:: What you need to do ::
Below, locate the line that contains "Nike ボディバッグ・ウエストポーチ 黒/蛍光イエロー". Repeat exactly from that line to the line that contains "TEMİZLİK İŞLERİ MÜDÜRLÜĞÜ", inclusive, leaving out the pictures.

:: Information ::
--------------------------------

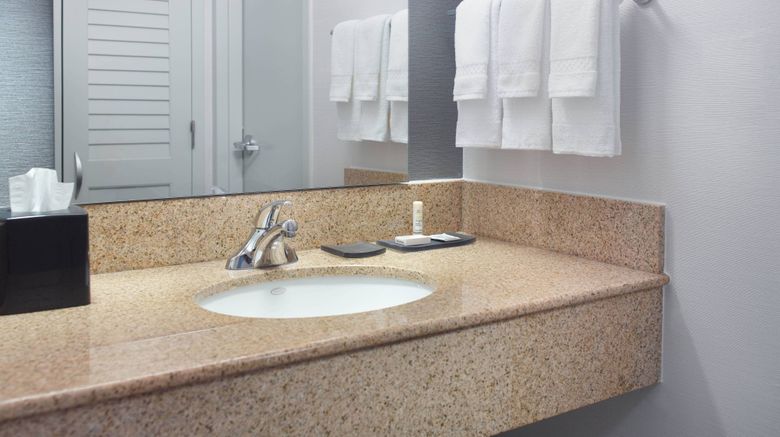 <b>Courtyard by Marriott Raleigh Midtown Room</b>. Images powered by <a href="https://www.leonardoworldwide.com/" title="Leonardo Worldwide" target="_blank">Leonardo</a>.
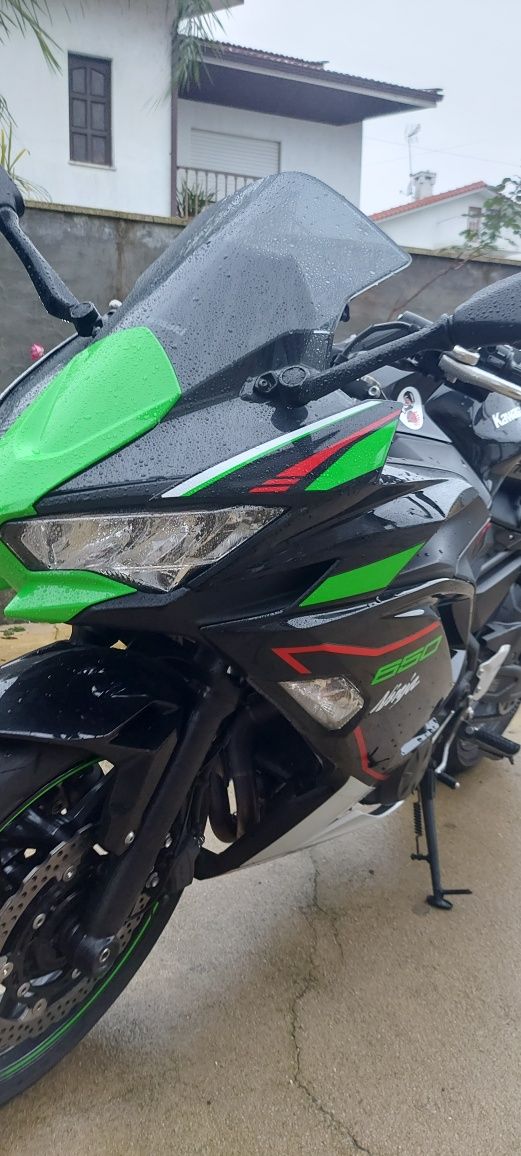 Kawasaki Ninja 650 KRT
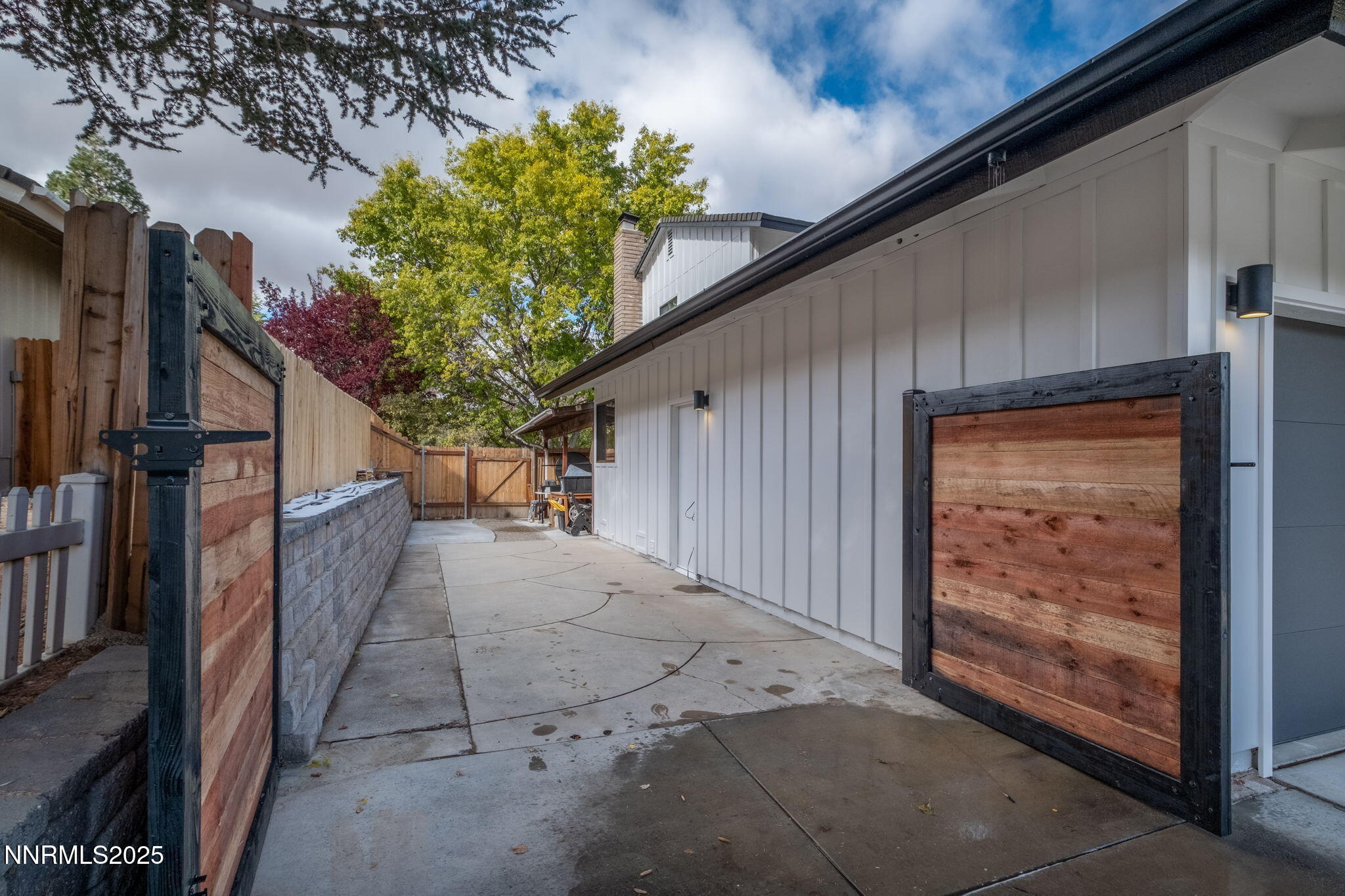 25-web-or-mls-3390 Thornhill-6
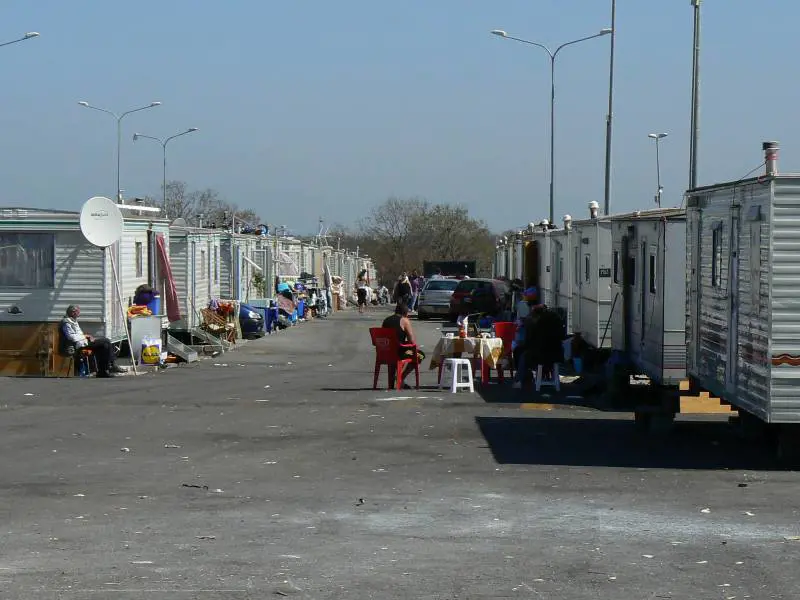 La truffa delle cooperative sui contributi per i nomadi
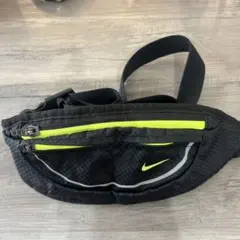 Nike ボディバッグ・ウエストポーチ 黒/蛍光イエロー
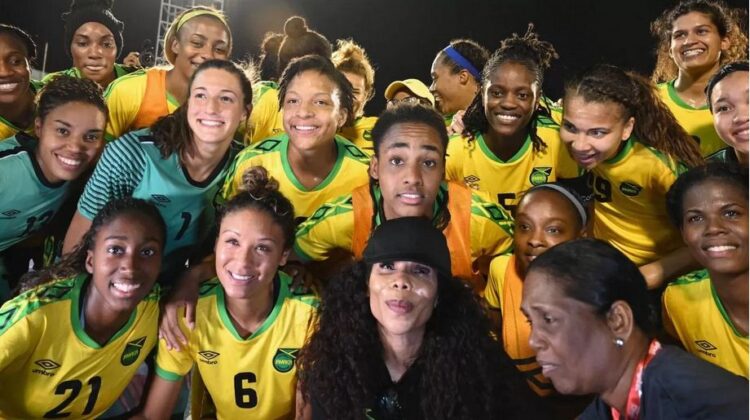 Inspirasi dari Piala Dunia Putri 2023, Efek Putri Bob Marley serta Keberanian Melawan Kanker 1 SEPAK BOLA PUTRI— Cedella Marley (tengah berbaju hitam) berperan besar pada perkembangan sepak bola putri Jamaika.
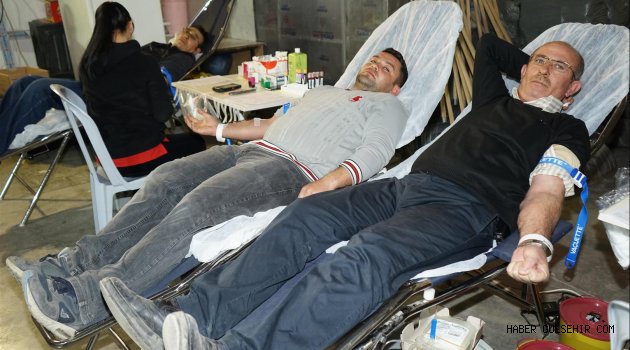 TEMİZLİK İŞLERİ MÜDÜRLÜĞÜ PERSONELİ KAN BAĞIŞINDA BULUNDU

--------------------------------

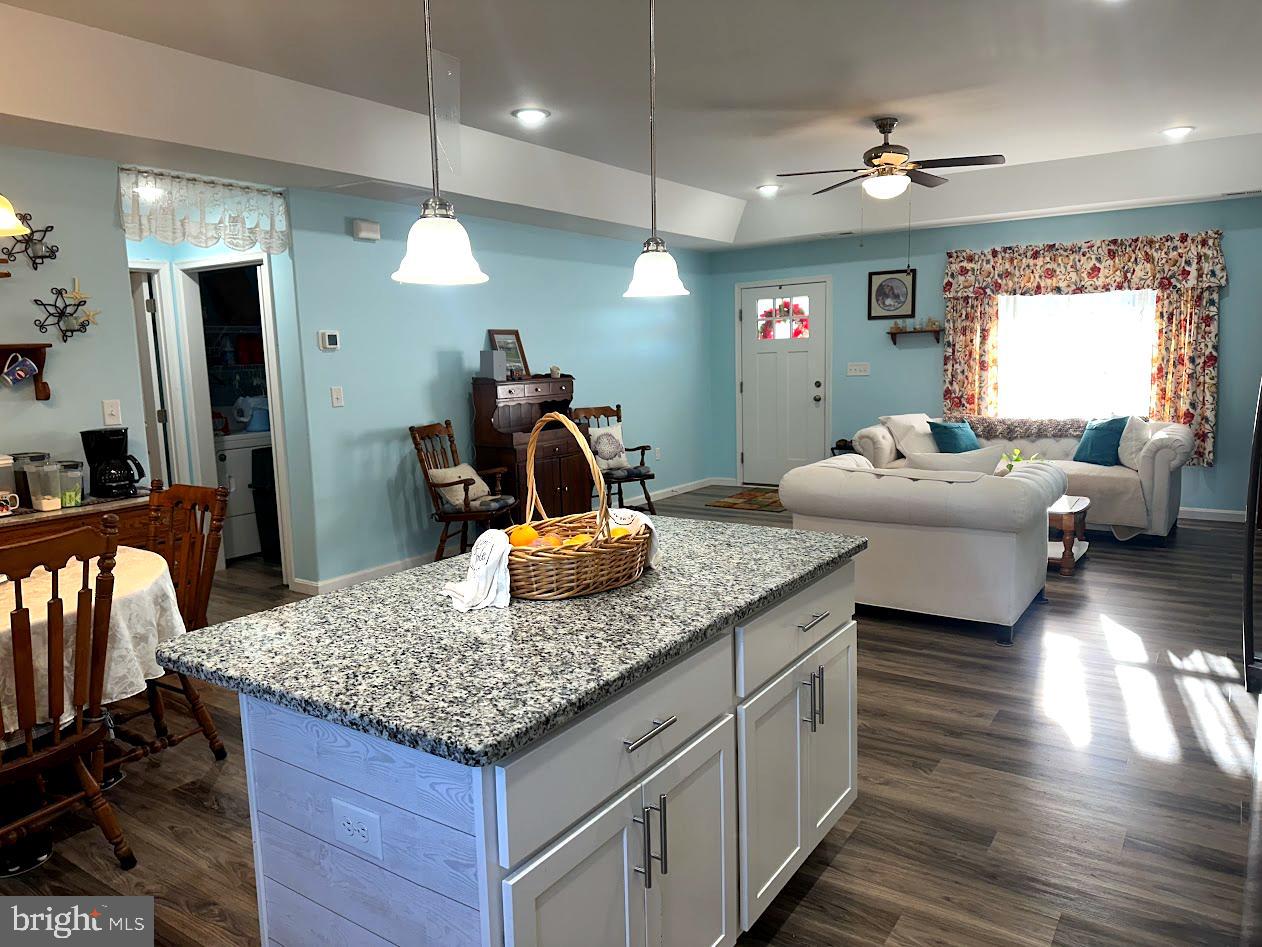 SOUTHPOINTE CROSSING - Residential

--------------------------------

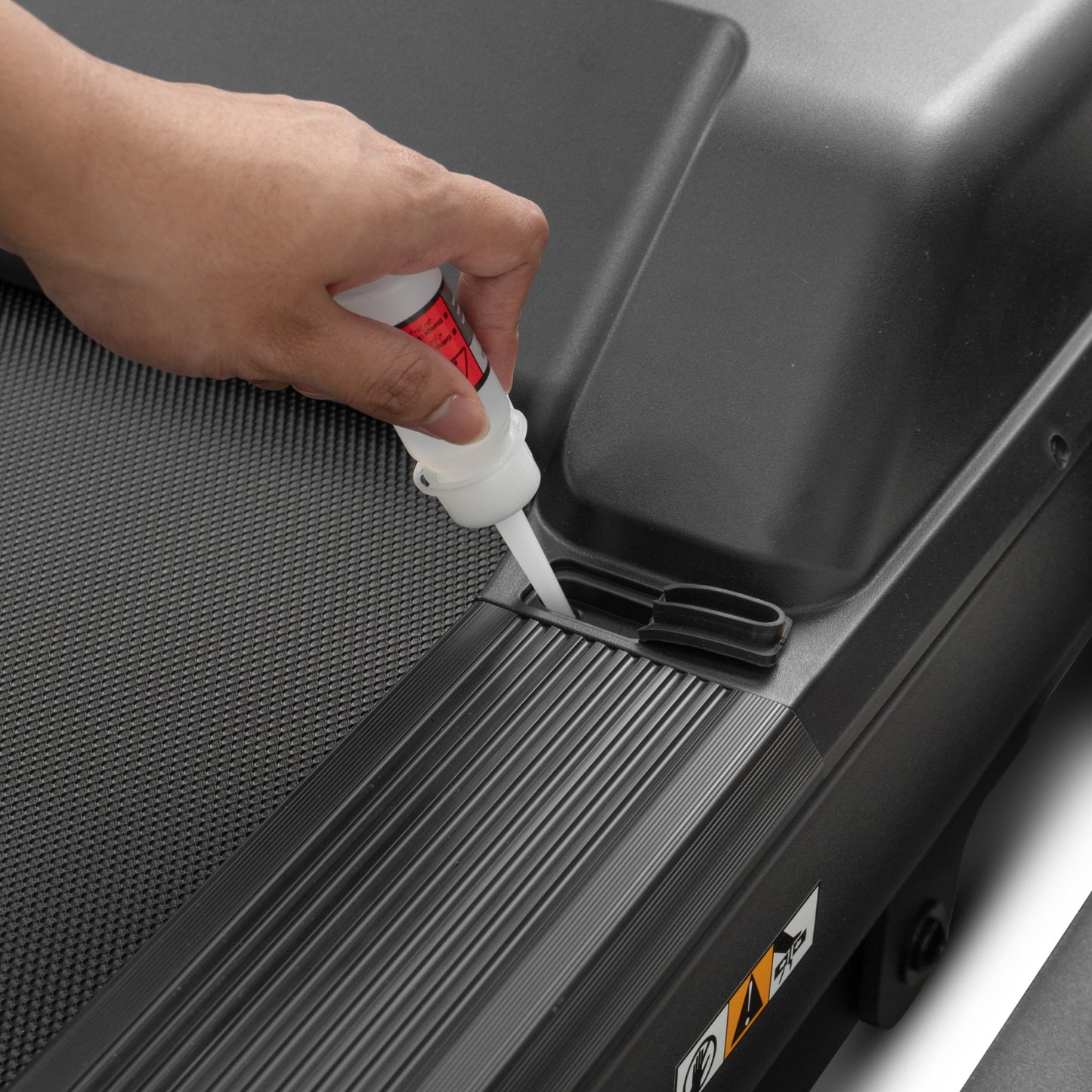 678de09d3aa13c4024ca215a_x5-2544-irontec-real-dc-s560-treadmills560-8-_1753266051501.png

--------------------------------

:: Output for this exercise ::
 Nike ボディバッグ・ウエストポーチ 黒/蛍光イエロー
 Inspirasi dari Piala Dunia Putri 2023, Efek Putri Bob Marley serta Keberanian Melawan Kanker 1 SEPAK BOLA PUTRI— Cedella Marley (tengah berbaju hitam) berperan besar pada perkembangan sepak bola putri Jamaika.
 TEMİZLİK İŞLERİ MÜDÜRLÜĞÜ PERSONELİ KAN BAĞIŞINDA BULUNDU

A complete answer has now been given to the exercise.